Re: [PATCH 1/2] mailbox: switch to hrtimer for tx_complete polling

From: Sudeep Holla
Date: Mon Jul 27 2015 - 05:48:14 EST

Next message: Michal Simek: "[PATCH 1/7] ARM64: zynqmp: Use zynqmp specific compatible string for gpio"
Previous message: Michal Suchanek: "Re: [PATCH 08/11] MTD: m25p80: Add option to limit SPI transfer size."
In reply to: Jassi Brar: "Re: [PATCH 1/2] mailbox: switch to hrtimer for tx_complete polling"
Next in thread: Jassi Brar: "Re: [PATCH 1/2] mailbox: switch to hrtimer for tx_complete polling"
Messages sorted by: [ date ] [ thread ] [ subject ] [ author ]

On 27/07/15 04:26, Jassi Brar wrote:

On Fri, Jul 24, 2015 at 2:17 PM, Sudeep Holla <sudeep.holla@xxxxxxx> wrote:

On 24/07/15 06:02, Jassi Brar wrote:

On Wed, Jul 22, 2015 at 5:58 PM, Sudeep Holla <sudeep.holla@xxxxxxx>
wrote:

we might end-up waiting
for atleast a jiffy even though the response for that message from the
remote is received via interrupt and processed in relatively smaller
time granularity.

That is wrong.

No see below.

If the controller supports TX interrupt it should set txdone_irq,
which prevents polling i.e, controller driver calls mbox_chan_txdone.

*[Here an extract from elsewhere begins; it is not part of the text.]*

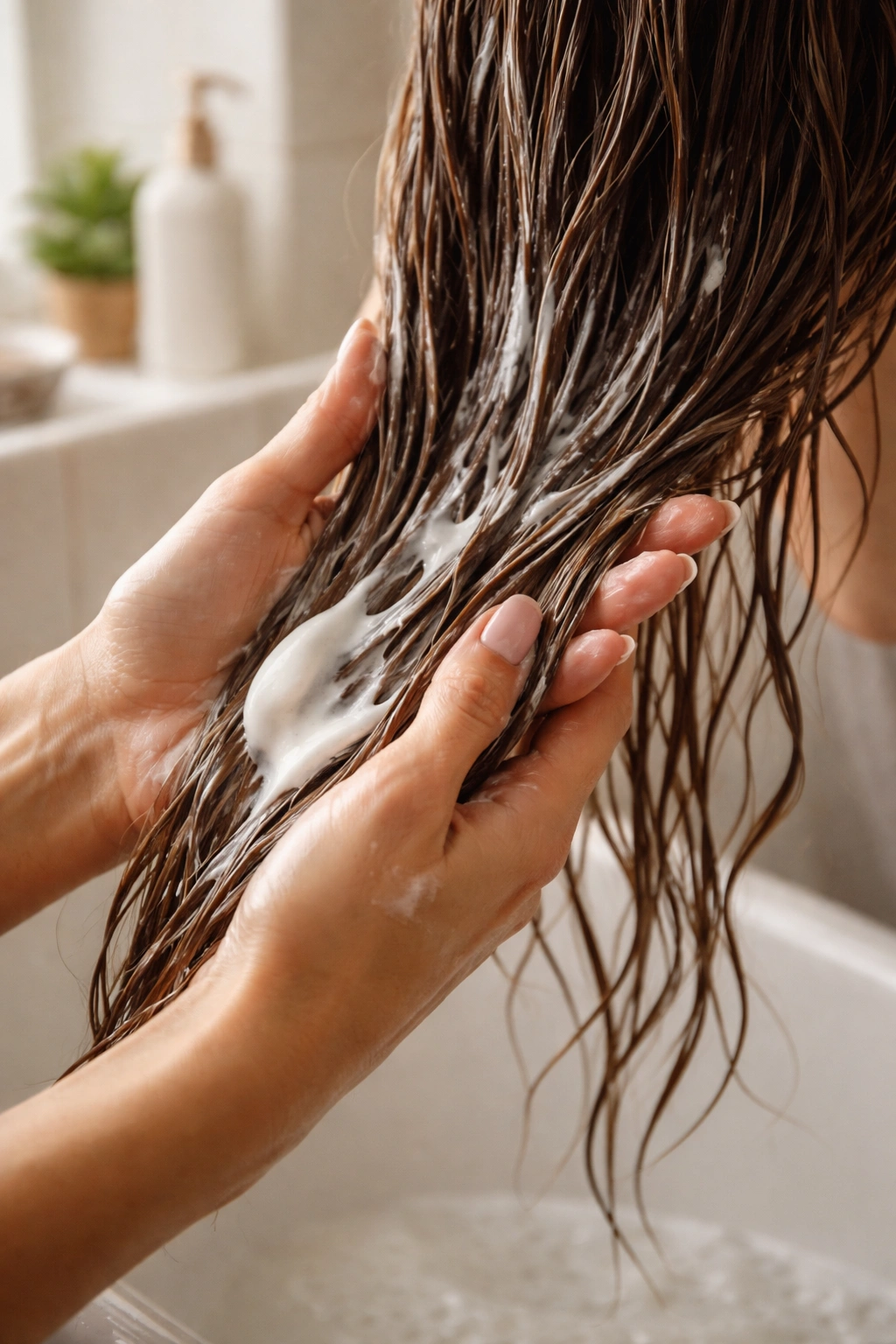 Close-up of hands applying conditioner to damp hair after tape-in removal in a bathroom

If the controller doesn't support TX interrupt but the client
receives some ack packet, then the client should set knows_txdone and
call mbox_client_txdone. Again you don't have to wait on polling.

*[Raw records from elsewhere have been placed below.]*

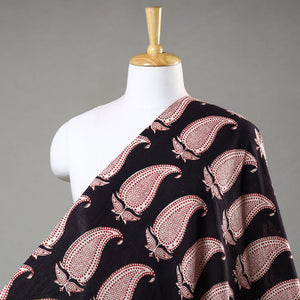 Black - Bagh Hand Block Printed Cotton Fabric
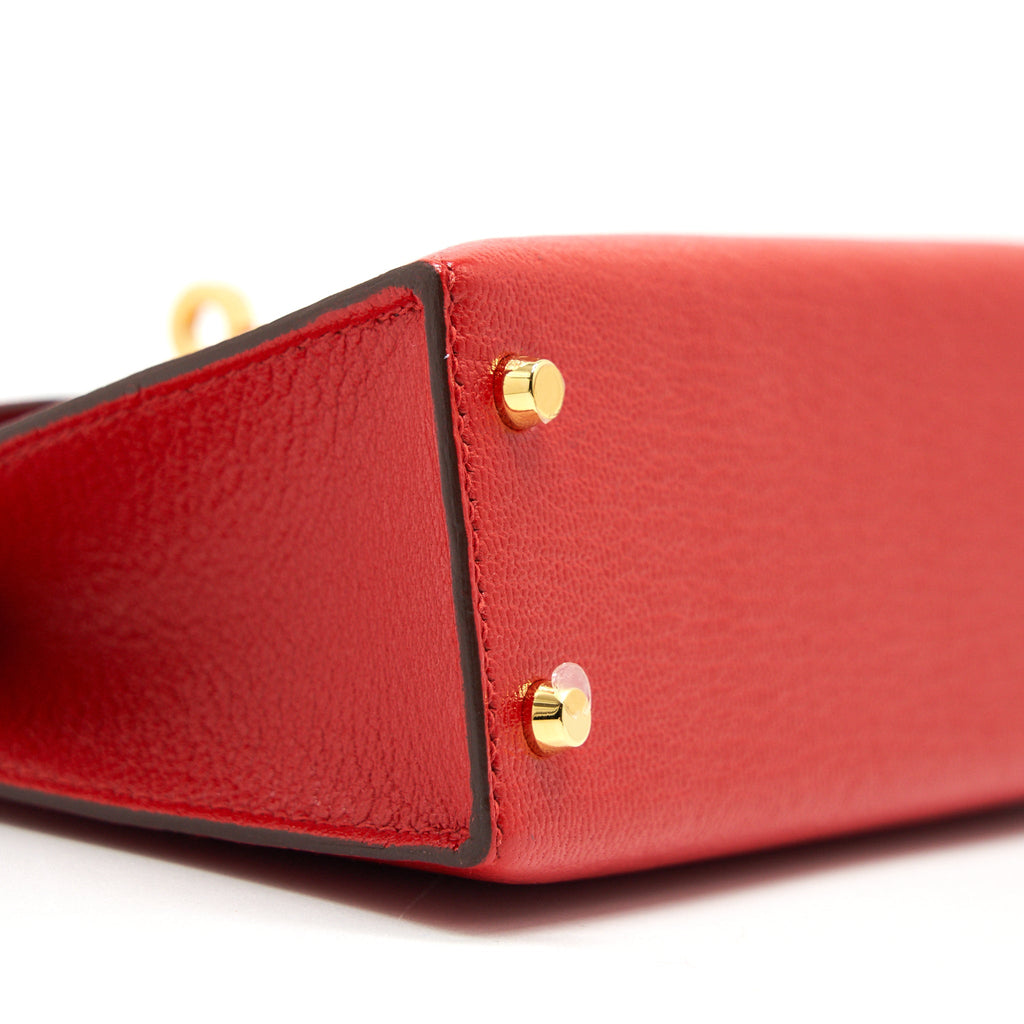 Hermes Mini Kelly Ⅱ Sellier Chevre S3 Rouge De Coeur GHW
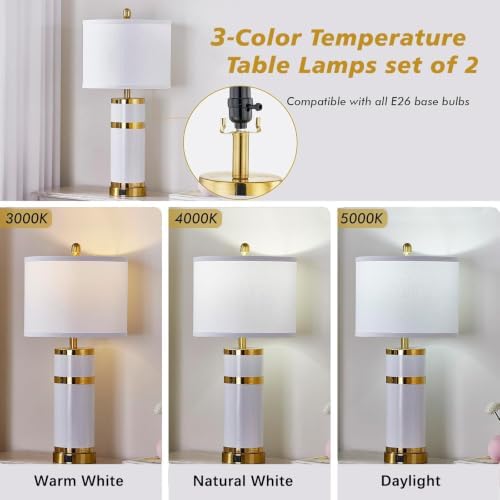 Creamy White 28-Inch Ceramic Bedside Table Lamps Set of 2 with Gold Accents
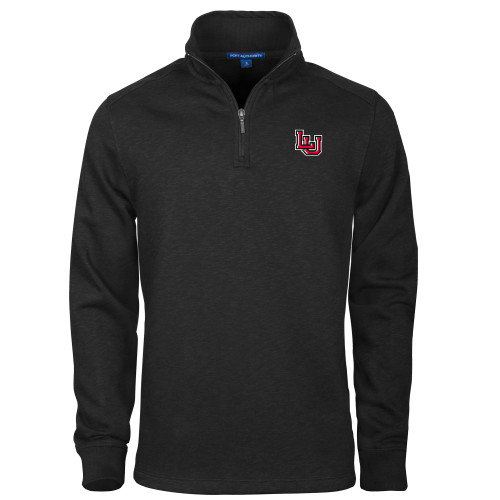 Lamar Black Slub Fleece 1/4 Zip Pullov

Sorry if I was not clear in the commit message, but I thought I did
mention TXDONE_BY_POLL. The case I am referring is definitely not
TXDONE_BY_IRQ or TXDONE_BY_ACK.

That statement is still wrong. The TXDONE_BY_POLL modifier does't make it right.

I am fine to modify/clarify that statement.

Anyways, I see you meant the 3rd case of neither IRQ nor ACK.

Yes the remote indicates by setting a flag in status register.

Few reasons I have in mind as why we need that:

1. The remote processor is capable of dealing with requests in orders of
milliseconds. E.g. on Juno it reports the DVFS transition latency is
1.2ms. Now if we report that to CPUFreq governor, we need to ensure
that. With current jiffy based timer we see latencies > 10ms.

Can I see the code somewhere?

Part of Juno SCPI support series[1].

It seems your remote doesn't send some protocol level 'ack' packet
replying if the command was successfully executed or not. That means
Linux can't differentiate successful execution of the command from a
silent failure (remote still has to set the TX_done flag to make way
for next messages).

Agreed and again I confirm the remote processor in question just sets
the flag always and correctly and doesn't use a protocol ACK. So I am
not sure the context of the above statement for this particular issue
under discussion.

From Linux' POV our best bet seems to be to submit
the request and simply assume it done. So probably do async rather
than blocking.

How if it's not Tx is not based on protocol ACK packet. The timer is
only solution IMO for the case where Tx done is indicated by a status flag.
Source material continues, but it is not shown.